Unveiling the Hidden Structure of Self-Attention via Kernel Principal Component Analysis

TL;DR

This paper reveals the underlying structure of self-attention in transformers through kernel PCA, providing a theoretical foundation and introducing a robust attention variant that improves performance across multiple tasks.

Contribution

It derives self-attention from kernel PCA, formulates the value matrix explicitly, and proposes RPC-Attention, a robust attention mechanism resilient to data contamination.

Findings

Kernel PCA explains self-attention's projection onto principal components.

RPC-Attention outperforms softmax attention on multiple benchmarks.
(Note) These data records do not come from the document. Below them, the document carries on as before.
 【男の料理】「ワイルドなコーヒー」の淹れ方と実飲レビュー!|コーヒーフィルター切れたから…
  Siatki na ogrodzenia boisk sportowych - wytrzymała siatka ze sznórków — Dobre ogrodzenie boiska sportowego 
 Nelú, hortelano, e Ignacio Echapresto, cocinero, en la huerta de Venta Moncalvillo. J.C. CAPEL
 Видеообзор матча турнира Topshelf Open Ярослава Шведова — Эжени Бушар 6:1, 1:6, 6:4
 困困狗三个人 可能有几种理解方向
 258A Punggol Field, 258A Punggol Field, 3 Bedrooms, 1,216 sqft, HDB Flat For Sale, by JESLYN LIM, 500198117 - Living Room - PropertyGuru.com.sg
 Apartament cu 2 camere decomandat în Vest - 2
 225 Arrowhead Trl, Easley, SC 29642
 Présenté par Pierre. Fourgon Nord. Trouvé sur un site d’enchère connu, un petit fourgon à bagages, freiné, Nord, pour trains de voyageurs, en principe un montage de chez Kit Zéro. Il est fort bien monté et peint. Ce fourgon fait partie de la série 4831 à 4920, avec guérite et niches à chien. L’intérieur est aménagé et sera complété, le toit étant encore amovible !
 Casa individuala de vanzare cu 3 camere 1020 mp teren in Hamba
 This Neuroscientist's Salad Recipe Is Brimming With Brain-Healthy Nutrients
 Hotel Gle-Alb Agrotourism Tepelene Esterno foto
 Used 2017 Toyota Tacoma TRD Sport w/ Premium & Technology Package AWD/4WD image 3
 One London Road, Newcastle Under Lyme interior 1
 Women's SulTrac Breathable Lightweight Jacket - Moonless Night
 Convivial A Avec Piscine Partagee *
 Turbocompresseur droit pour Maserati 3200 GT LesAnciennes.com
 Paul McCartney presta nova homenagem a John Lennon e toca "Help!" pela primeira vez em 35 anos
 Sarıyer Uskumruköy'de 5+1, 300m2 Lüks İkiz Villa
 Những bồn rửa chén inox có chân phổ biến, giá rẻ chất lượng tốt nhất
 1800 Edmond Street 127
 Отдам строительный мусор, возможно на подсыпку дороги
Theoretical and empirical validation of the kernel PCA framework.

Abstract

The remarkable success of transformers in sequence modeling tasks, spanning various applications in natural language processing and computer vision, is attributed to the critical role of self-attention. Similar to the development of most deep learning models, the construction of these attention mechanisms relies on heuristics and experience. In our work, we derive self-attention from kernel principal component analysis (kernel PCA) and show that self-attention projects its query vectors onto the principal component axes of its key matrix in a feature space. We then formulate the exact formula for the value matrix in self-attention, theoretically and empirically demonstrating that this value matrix captures the eigenvectors of the Gram matrix of the key vectors in self-attention. Leveraging our kernel PCA framework, we propose Attention with Robust Principal Components (RPC-Attention), a novel class of robust attention that is resilient to data contamination. We empirically demonstrate the advantages of RPC-Attention over softmax attention on the ImageNet-1K object classification, WikiText-103 language modeling, and ADE20K image segmentation task.